Short text fragments from websites
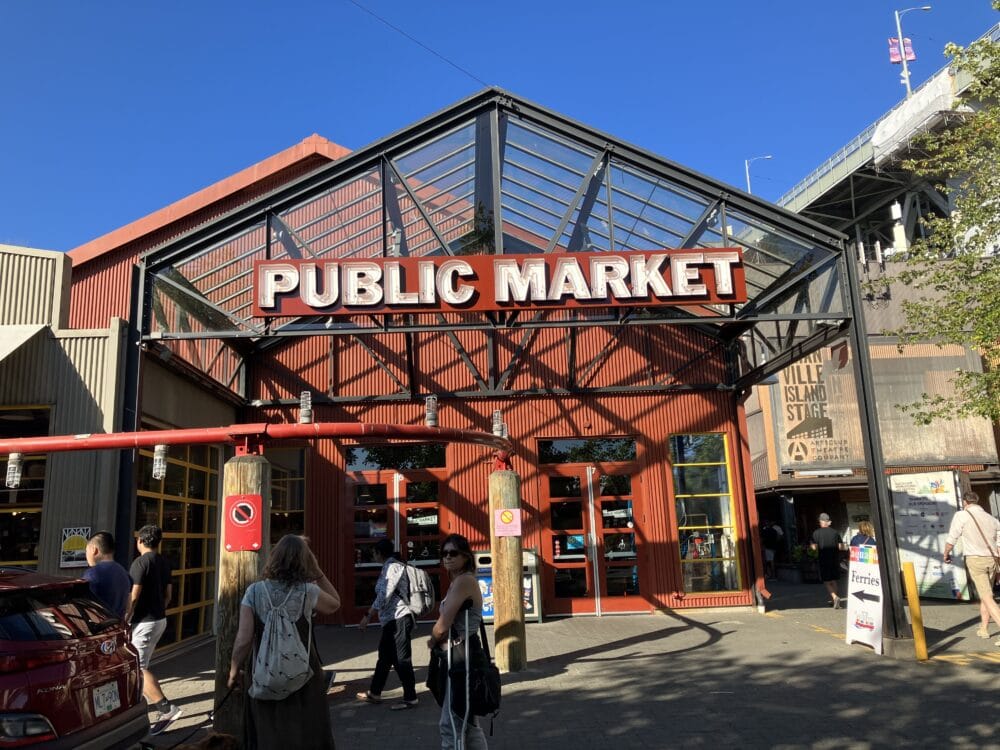 GRANVILLE ISLAND バンクーバーの観光地、グランビルアイランドに行ってきました -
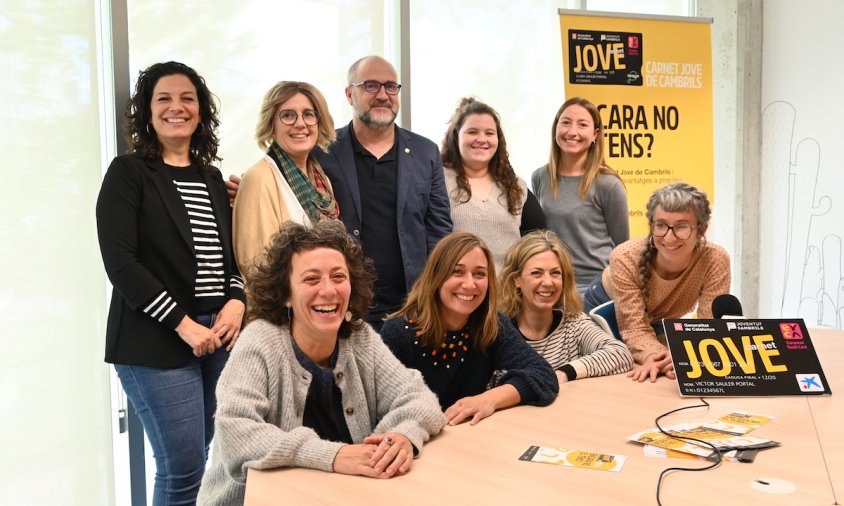 Imatge de la presentació de la nova campanya del Carnet Jove de Cambrils, ahir a l'Ateneu Juvenil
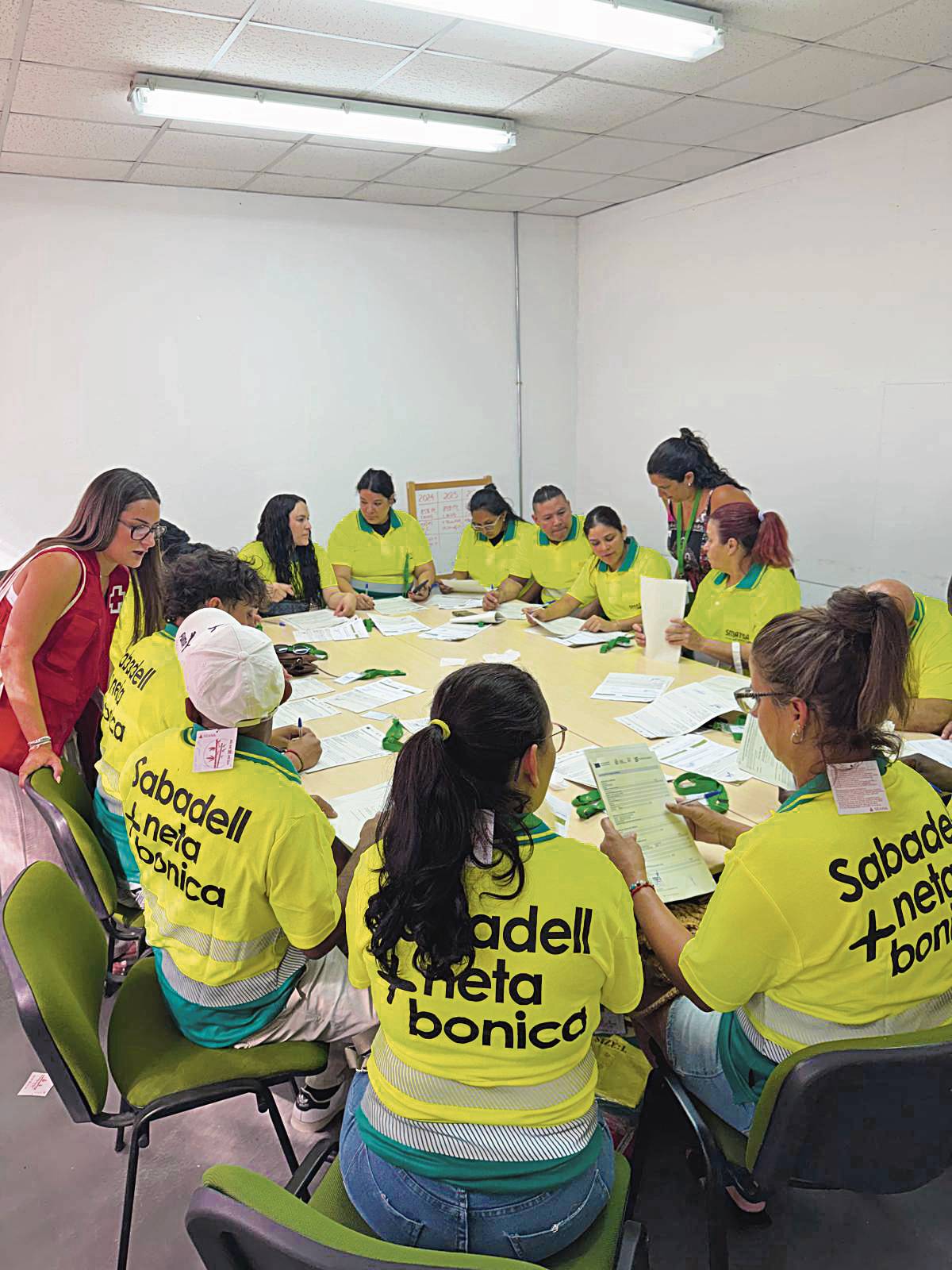 Acord per a la inserció laboral de 40 persones a l’estiu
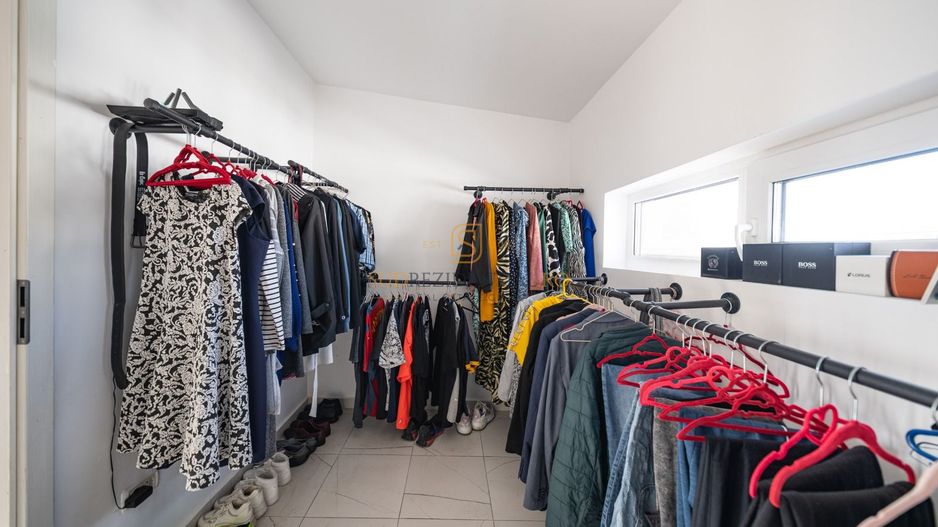 Vanzare vila 4 camere – complet mobilata si utilata, Str Teius - Poză 10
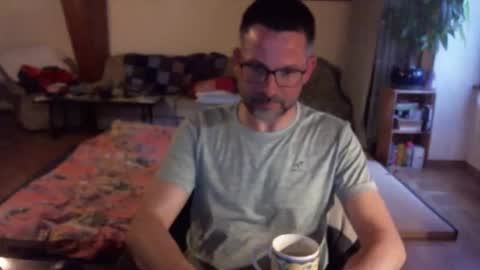 supersquirrel81 online show from 04-10-26, 06:01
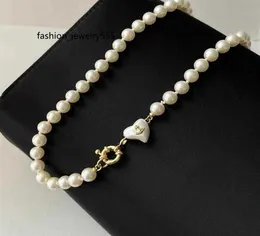 Chokers Słynny brytyjski projektant Pearl Naszyjnik Choker Letterv Wisiant Naszyjnik 18K Gold Slated 925 Srebrna biżuteria tytanowa na Wome2235771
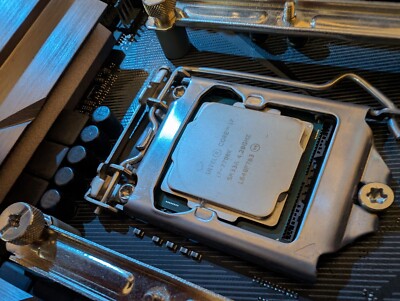 ASUS ROG Strix Z270F Gaming Motherboard, Intel Core i7-7700K CPU +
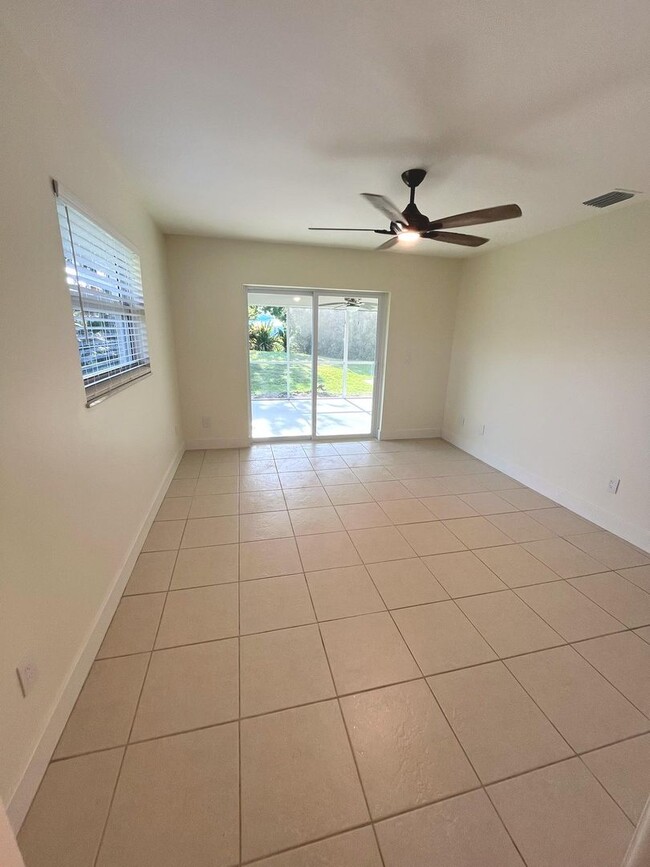Building Photo - Updated 3 bedroom 2 Bathroom home in Beau ...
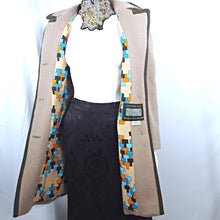 Load image into Gallery viewer, Online Vintage Shop, Vintage Clothing Boutique, Vintage, Women&#39;s Clothing, Seconhand, Distressed Vintage Designs, Sustainable Fashion
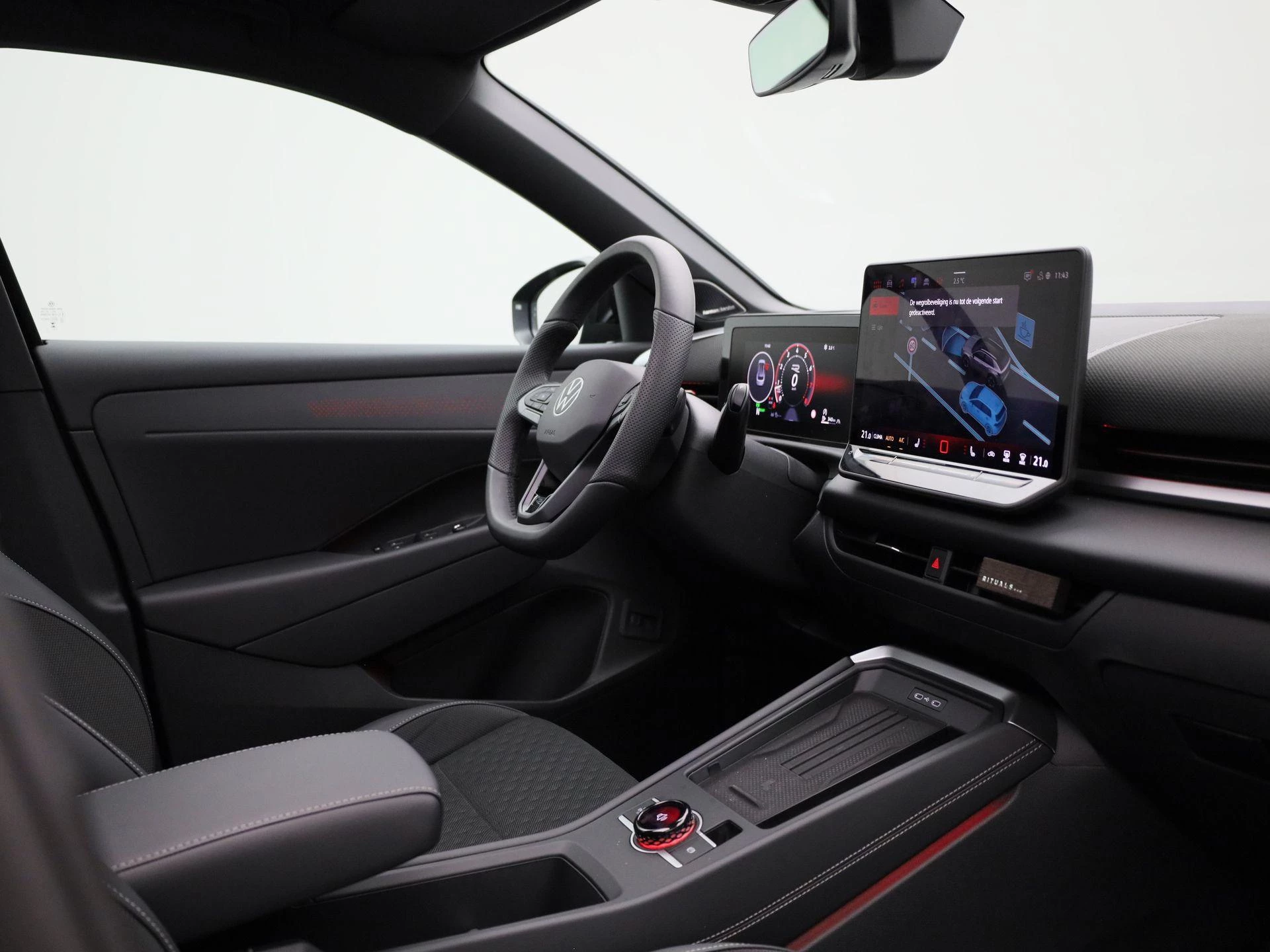 Volkswagen-T-Roc-image-37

• [EXERCISE DESCRIPTION] Your answer must consist only of the lines from the one containing "Load image into" through the end of the entries, restated word for word, with no pictures.

• [ANSWER SECTION]
 Load image into Gallery viewer, Online Vintage Shop, Vintage Clothing Boutique, Vintage, Women&#39;s Clothing, Seconhand, Distressed Vintage Designs, Sustainable Fashion
 Volkswagen-T-Roc-image-37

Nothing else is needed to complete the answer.